# Sizeing timber for structure



## OLD (18 Jan 2008)

I am planning to extent the workshop and have to use a flat roof that needs to span 3meters . I have found tables to calculate timber size on the net but i would like to investigate the engineered 'I' beams that are frequently used in new build i understand they are very strong but i cannot find any info on size required installation instructions etc can any one help please.


----------



## Anonymous (18 Jan 2008)

Hi

I am not sure but the way I understand it is that you order the “I beam’s” to suite like when you order preformed roof trusses. I have been also looking but I must admit very lazily. And at one time I was thinking if I could make them my self once I knew the size that is ? 

Some time next week I may just pop into Arnold Lever and se what I can find out.

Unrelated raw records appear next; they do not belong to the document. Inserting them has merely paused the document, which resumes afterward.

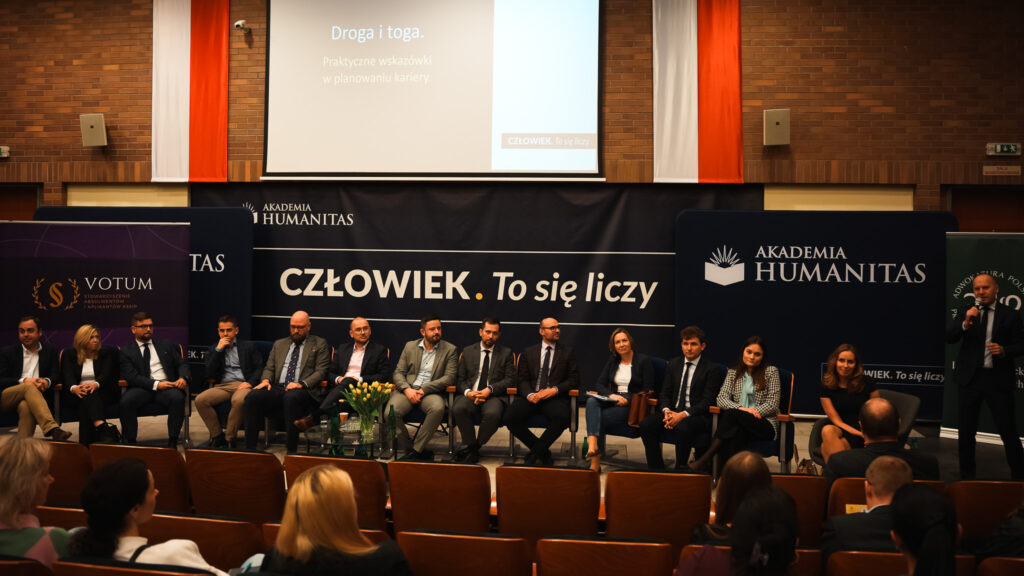 Panel dyskusyjny z udziałem prelegentów siedzących na scenie w auli Akademii Humanitas, przed banerem z hasłem »Człowiek. To się liczy«. Na widowni zgromadzona publiczność, wydarzenie o charakterze akademicko-społecznym.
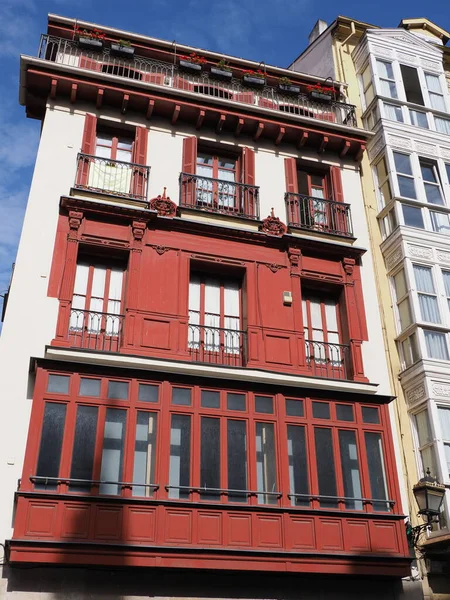 Facade of red house in european Bilbao city at Biscay province in Spain, clear blue sky in 2019 warm sunny summer day on September - vertical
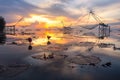 Scene of beautiful sunrise in the morning and giant square dip net at Pakpra village, Phatthalung, Thailand Royalty Free Stock Photo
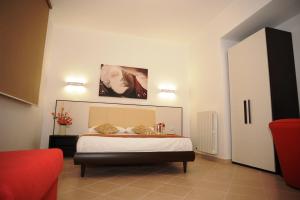 a bedroom with a bed and a red couch at Bed & Breakfast Villa Corallo Parcheggio privato in Porto Cesareo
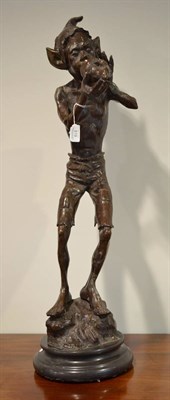 Lot 519 - A bronzed figure of an elf, 63cm high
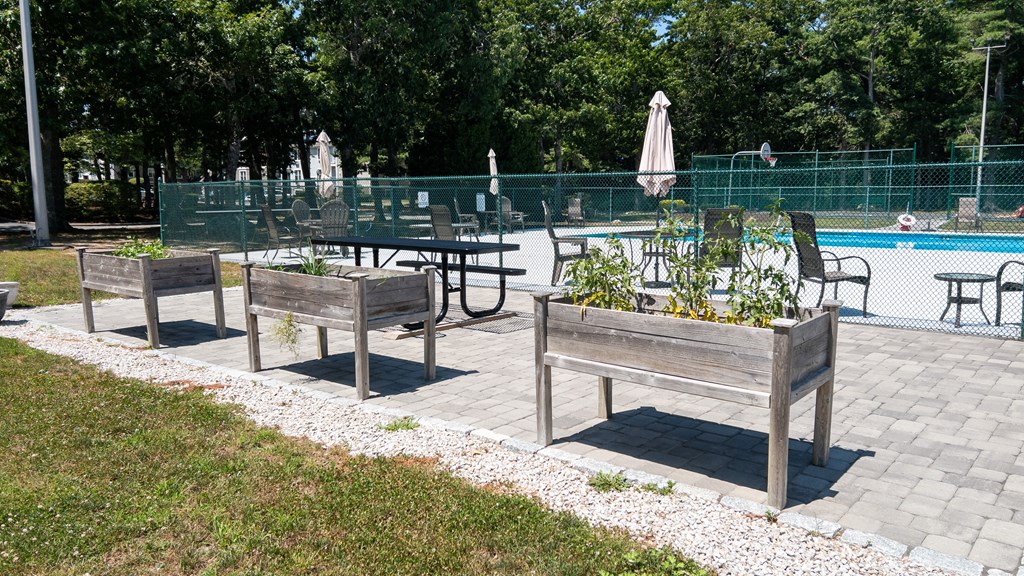 A wooden bench with a planter box on top is situated in a park.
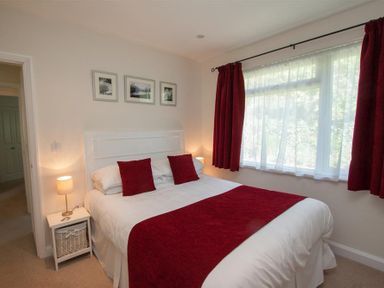 A bedroom with a double bed with red cushions and a red throw a bedside table with a lamp and a window with red curtains at Bield How in Ambleside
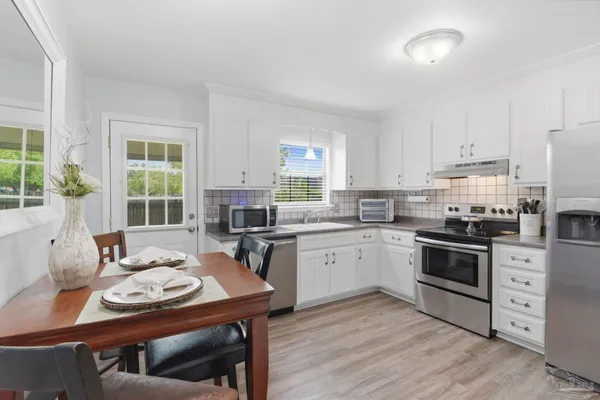 a kitchen with stainless steel appliances kitchen island granite countertop a stove a sink a refrigerator dining table and chairs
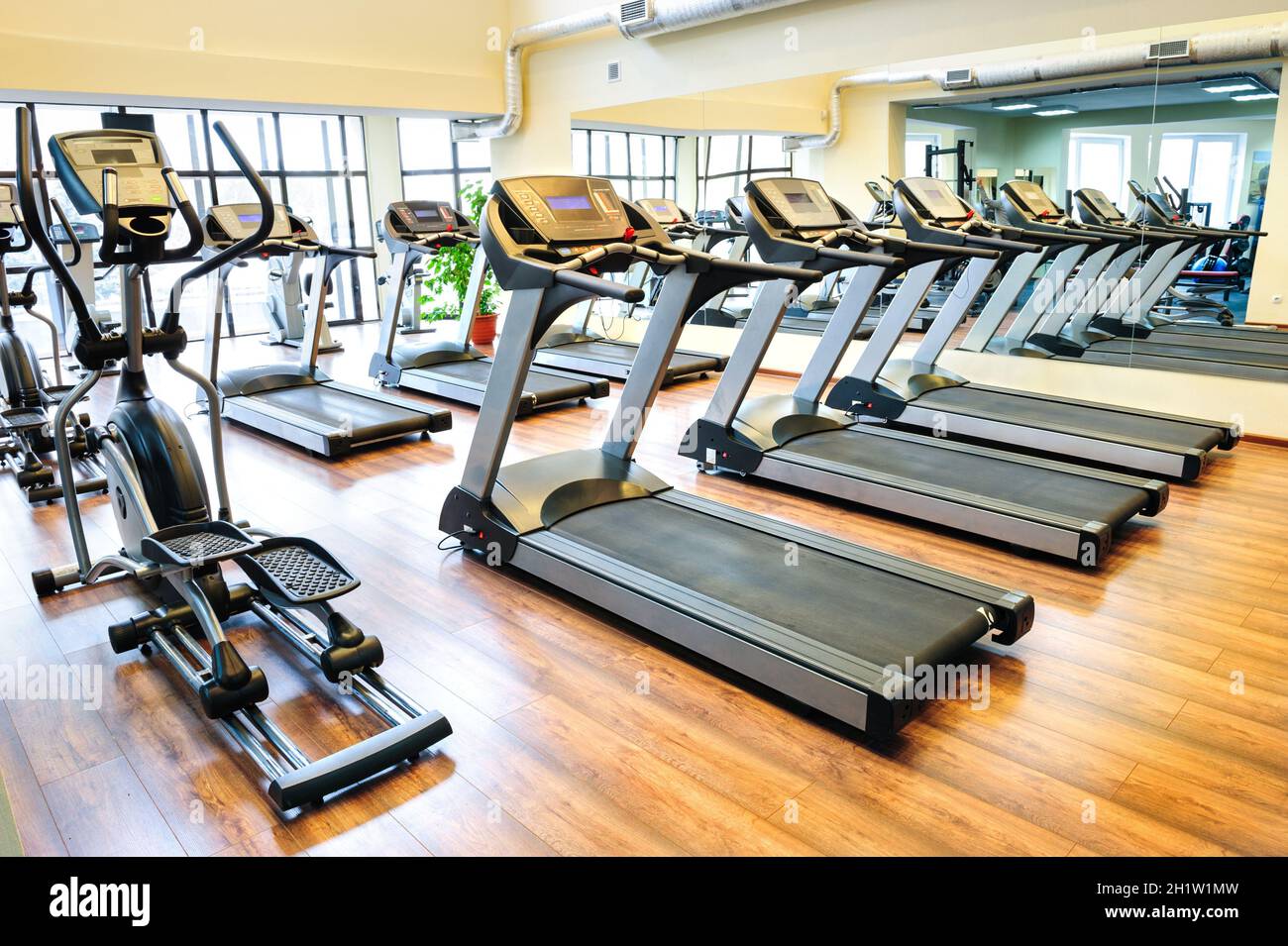 Set of treadmills staying in line in the gym Stock Photo - Alamy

http://www.rowan-timber.co.uk/i-joists/welcome.aspx

http://www.ribaproductselector.com/Dire ... 0004%20067 

http://www.trada.co.uk/dir/products/D66 ... 88/Ijoists

http://www.buildingdesign.co.uk/facil-g ... ave-brown/ 

http://www.timberframe.co.uk/i-joists.html 

http://www.laver.co.uk/location.asp


----------



## plug (9 Mar 2008)

Hello 

Try this web site www.JJI joists.co.uk,
I used their tables to make my own joists for a 6.2 metre span.


----------



## Adam (9 Mar 2008)

Bespoke":148etqf7 said:


> Hi
> 
> I am not sure but the way I understand it is that you order the “I beam’s” to suite like when you order preformed roof trusses. I have been also looking but I must admit very lazily. And at one time I was thinking if I could make them my self once I knew the size that is ?
> 
> ...



Links


----------



## Adam (9 Mar 2008)

plug":3uibiwg3 said:


> Hello
> 
> Try this web site www.JJI joists.co.uk,
> I used their tables to make my own joists for a 6.2 metre span.



links


----------



## Baldy (10 Mar 2008)

hi guys
Having recently built a house using timber I joists I can say they are a great product. In order to find out sizes simply jot down a quick drawing of your proposed extension and send it to your chosen supplier they will do the rest...As to making them yourself I say... Good luck!


----------